The cost of insuring U.S. government bonds against default for the next year also rose, gaining five basis points to raise the cost of protecting $10 million of debt to $35,000 - the highest since Aug. 31 and above the rate for 5-year insurance.

Usually it costs more to buy longer-term default insurance so the current level is considered a classic sign of credit stress, reflecting the concerns over whether the United States will be able to raise the debt limit in coming weeks.

The euro rose 0.4 percent to $1.3582, after having hit $1.3606, its highest since February. The European Central Bank left interest rates unchanged, holding off any fresh policy action for now while it waits to see whether a fragile euro zone recovery strengthens.

A confidence vote for Italian Prime Minister Enrico Letta's government, ending fears that the euro zone's third-largest economy would be forced into fresh elections, added to the currency's appeal.

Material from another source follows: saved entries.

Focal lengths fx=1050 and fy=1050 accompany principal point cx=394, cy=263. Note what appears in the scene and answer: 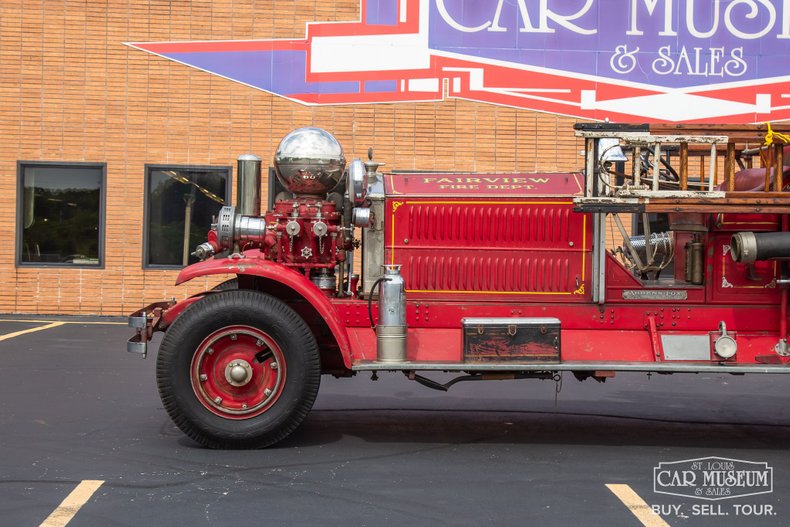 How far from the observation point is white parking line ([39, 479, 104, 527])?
16.1 feet

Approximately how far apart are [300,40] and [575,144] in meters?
4.28

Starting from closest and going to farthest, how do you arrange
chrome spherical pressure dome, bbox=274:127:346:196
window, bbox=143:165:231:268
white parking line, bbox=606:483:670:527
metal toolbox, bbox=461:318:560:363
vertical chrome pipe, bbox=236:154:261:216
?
white parking line, bbox=606:483:670:527 → metal toolbox, bbox=461:318:560:363 → chrome spherical pressure dome, bbox=274:127:346:196 → vertical chrome pipe, bbox=236:154:261:216 → window, bbox=143:165:231:268

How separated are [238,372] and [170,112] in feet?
31.1

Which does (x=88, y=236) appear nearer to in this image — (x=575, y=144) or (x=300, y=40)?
(x=300, y=40)

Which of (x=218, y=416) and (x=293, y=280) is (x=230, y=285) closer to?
(x=293, y=280)

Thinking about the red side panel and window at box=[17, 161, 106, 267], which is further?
window at box=[17, 161, 106, 267]

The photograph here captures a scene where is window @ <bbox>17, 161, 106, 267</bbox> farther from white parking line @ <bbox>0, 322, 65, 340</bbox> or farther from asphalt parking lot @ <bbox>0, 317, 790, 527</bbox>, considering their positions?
asphalt parking lot @ <bbox>0, 317, 790, 527</bbox>

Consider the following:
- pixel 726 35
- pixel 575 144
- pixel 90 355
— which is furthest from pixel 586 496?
pixel 726 35

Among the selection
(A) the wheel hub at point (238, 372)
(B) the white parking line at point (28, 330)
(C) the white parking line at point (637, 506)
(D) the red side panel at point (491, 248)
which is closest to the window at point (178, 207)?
(B) the white parking line at point (28, 330)

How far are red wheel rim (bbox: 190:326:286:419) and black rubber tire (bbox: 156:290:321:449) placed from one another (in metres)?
0.04

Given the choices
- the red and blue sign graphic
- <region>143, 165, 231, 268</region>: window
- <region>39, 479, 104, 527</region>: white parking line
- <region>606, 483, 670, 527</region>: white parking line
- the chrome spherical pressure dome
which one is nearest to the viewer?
<region>39, 479, 104, 527</region>: white parking line

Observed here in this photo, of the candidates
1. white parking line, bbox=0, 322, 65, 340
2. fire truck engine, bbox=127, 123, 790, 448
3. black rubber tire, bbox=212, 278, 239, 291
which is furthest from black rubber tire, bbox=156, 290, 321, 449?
white parking line, bbox=0, 322, 65, 340

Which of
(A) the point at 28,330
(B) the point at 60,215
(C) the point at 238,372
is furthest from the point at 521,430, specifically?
(B) the point at 60,215

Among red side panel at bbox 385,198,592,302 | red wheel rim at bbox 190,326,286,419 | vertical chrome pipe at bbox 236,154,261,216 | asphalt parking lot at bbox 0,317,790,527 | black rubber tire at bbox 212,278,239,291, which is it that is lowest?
asphalt parking lot at bbox 0,317,790,527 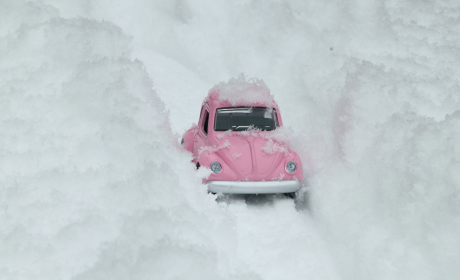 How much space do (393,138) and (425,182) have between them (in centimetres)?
97

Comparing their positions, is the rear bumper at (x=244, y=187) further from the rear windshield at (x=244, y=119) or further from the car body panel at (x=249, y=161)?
the rear windshield at (x=244, y=119)

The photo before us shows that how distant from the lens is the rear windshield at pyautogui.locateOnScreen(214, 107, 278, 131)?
20.7 ft

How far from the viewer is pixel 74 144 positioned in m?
4.02

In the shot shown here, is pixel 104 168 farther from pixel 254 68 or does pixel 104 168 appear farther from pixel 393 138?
pixel 254 68

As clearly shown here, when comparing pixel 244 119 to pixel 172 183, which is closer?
pixel 172 183

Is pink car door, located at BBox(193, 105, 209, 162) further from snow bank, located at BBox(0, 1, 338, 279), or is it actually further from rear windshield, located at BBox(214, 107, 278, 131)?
snow bank, located at BBox(0, 1, 338, 279)

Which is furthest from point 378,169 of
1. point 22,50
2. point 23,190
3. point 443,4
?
point 443,4

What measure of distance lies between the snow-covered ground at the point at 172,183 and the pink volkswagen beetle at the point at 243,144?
0.27 metres

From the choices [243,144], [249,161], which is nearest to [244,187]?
[249,161]

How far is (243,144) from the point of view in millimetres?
5824

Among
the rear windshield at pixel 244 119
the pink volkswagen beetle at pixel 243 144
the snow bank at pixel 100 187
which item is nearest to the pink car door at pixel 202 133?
the pink volkswagen beetle at pixel 243 144

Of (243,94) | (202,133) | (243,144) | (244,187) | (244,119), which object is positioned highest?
(243,94)

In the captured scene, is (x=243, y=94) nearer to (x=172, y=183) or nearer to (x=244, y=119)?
(x=244, y=119)

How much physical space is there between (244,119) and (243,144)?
65 centimetres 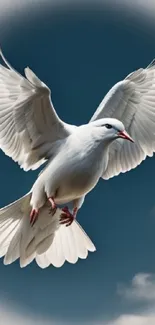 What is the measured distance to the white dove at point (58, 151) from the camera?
3.85 m

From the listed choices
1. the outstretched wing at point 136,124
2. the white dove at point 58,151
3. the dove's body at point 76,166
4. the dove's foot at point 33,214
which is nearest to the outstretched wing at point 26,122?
the white dove at point 58,151

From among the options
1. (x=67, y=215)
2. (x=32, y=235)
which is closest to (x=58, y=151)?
(x=67, y=215)

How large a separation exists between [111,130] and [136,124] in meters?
0.66

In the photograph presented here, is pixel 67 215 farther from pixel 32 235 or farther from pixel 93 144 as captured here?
pixel 93 144

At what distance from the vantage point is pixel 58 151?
13.4 feet

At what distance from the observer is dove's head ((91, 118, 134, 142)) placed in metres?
3.80

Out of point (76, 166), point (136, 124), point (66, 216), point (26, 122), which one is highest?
point (26, 122)

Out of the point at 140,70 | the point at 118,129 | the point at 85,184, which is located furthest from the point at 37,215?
the point at 140,70

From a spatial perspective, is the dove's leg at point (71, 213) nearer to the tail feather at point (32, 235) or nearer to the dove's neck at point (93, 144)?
the tail feather at point (32, 235)

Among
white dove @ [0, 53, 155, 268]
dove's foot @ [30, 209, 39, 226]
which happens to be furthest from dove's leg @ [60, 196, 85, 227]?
dove's foot @ [30, 209, 39, 226]

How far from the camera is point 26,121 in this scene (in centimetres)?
399

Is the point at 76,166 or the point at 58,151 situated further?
the point at 58,151

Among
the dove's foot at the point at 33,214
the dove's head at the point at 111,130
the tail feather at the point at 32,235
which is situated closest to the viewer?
the dove's head at the point at 111,130

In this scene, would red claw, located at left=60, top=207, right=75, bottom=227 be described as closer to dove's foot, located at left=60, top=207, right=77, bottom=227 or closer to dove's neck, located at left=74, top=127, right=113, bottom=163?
dove's foot, located at left=60, top=207, right=77, bottom=227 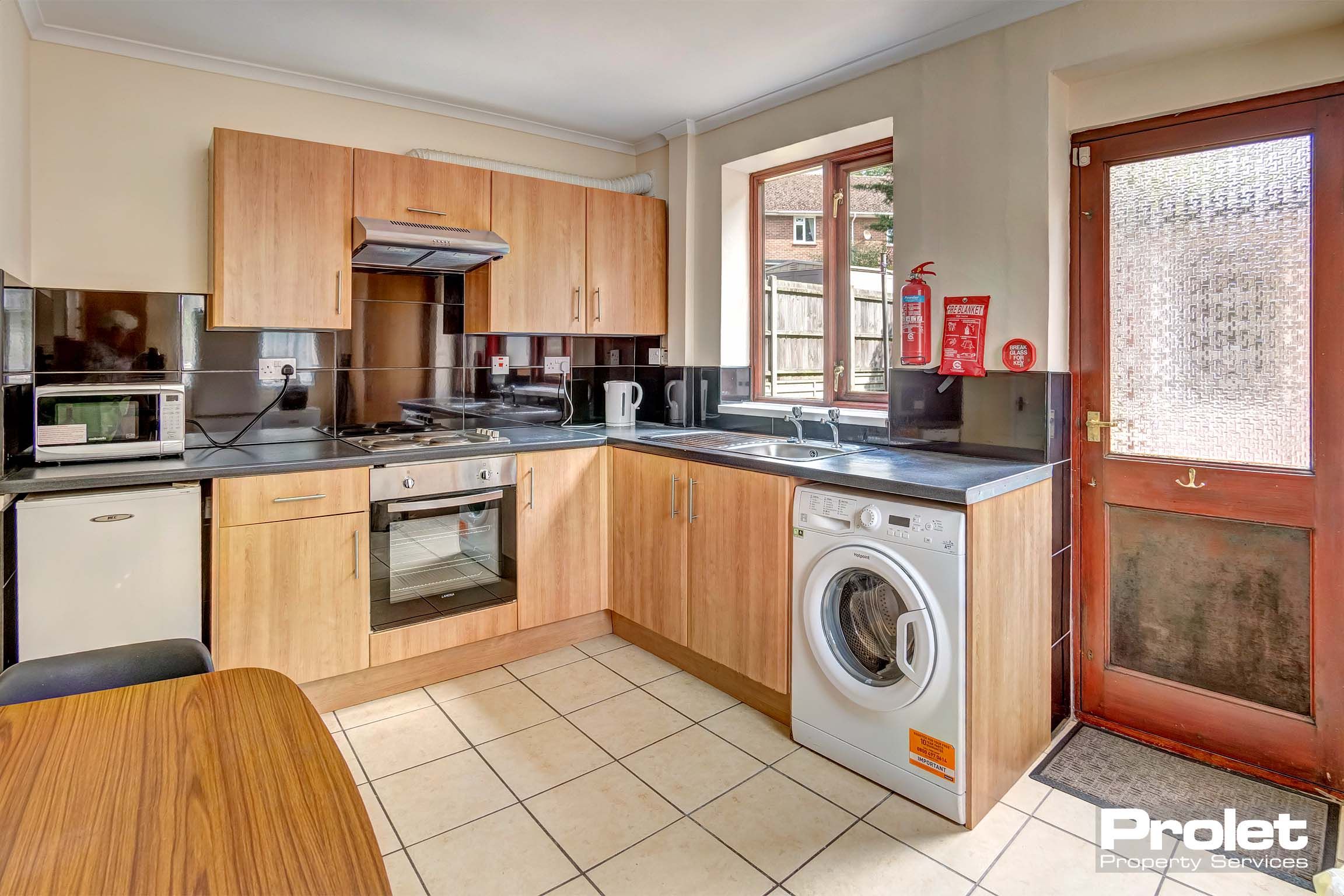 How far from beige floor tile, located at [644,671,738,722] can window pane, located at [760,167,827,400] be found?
4.78 ft

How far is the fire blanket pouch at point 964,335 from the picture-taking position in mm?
2602

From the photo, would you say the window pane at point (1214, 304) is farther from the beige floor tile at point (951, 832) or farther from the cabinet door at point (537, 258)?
the cabinet door at point (537, 258)

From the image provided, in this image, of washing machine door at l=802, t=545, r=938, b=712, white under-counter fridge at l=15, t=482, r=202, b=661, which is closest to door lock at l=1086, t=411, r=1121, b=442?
washing machine door at l=802, t=545, r=938, b=712

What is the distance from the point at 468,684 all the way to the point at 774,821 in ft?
4.66

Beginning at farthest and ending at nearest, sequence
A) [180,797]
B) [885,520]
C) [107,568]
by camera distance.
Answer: [107,568] → [885,520] → [180,797]

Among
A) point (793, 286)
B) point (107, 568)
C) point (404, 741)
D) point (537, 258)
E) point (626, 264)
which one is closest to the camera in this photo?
point (107, 568)

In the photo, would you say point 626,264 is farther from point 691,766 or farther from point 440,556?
point 691,766

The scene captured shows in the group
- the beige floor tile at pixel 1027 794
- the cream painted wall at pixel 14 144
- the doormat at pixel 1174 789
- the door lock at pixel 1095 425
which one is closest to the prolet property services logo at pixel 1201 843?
the doormat at pixel 1174 789

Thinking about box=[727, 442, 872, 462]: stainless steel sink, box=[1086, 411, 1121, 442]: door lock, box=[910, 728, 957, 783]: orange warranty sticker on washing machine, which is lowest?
box=[910, 728, 957, 783]: orange warranty sticker on washing machine

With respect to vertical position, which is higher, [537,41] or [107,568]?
[537,41]

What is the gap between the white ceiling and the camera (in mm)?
2484

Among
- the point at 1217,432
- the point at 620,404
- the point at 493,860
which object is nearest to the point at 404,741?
the point at 493,860

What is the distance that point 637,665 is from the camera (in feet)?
10.2

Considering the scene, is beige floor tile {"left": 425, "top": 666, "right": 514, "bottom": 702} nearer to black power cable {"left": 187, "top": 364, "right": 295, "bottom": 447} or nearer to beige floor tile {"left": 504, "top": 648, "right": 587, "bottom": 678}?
beige floor tile {"left": 504, "top": 648, "right": 587, "bottom": 678} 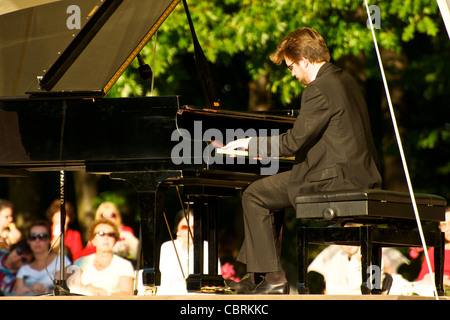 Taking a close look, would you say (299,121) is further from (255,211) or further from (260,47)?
(260,47)

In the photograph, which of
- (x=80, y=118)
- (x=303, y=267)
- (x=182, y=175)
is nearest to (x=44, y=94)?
(x=80, y=118)

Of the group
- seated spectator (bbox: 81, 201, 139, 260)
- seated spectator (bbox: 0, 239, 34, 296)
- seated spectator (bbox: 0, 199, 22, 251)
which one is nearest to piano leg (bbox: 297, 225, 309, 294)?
seated spectator (bbox: 81, 201, 139, 260)

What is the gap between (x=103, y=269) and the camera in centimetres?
859

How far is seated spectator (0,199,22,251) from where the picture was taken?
936cm

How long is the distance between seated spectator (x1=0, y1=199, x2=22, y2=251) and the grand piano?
2.29 meters

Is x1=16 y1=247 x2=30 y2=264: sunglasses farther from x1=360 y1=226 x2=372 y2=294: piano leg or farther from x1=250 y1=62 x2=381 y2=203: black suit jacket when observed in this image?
x1=360 y1=226 x2=372 y2=294: piano leg

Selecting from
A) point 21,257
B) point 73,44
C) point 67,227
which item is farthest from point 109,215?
point 73,44

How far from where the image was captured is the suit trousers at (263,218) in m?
6.11

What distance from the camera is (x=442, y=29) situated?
44.9 feet

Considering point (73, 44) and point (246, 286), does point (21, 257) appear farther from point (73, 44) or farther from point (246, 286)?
point (246, 286)

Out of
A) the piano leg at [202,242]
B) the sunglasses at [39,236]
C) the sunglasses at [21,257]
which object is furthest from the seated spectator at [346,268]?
the sunglasses at [21,257]

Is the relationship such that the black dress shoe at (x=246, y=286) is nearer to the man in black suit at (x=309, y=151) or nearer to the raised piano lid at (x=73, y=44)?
the man in black suit at (x=309, y=151)

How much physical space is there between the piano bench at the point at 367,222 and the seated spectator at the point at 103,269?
2.95 m

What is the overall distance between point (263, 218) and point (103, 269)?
2.91 metres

Italian shares and bonds both rose as it become clear former Prime Minister Silvio Berlusconi would drop his attempts to bring down the government, sending Milan's FTSE MIB (Milan: FTSEMIB.MI - news) share index up as much as 1.8 percent

Gold rose after a 3 percent fall in the previous session to a two-month low as the dollar weakened. Spot gold last traded at $1,312 an ounce, up from previous day's $1,285 an ounce.

Brent crude for November (Xetra: A0Z24E - news) rose 16 cents to $108.10 a barrel. U.S. crude traded around $103, up 96 cents.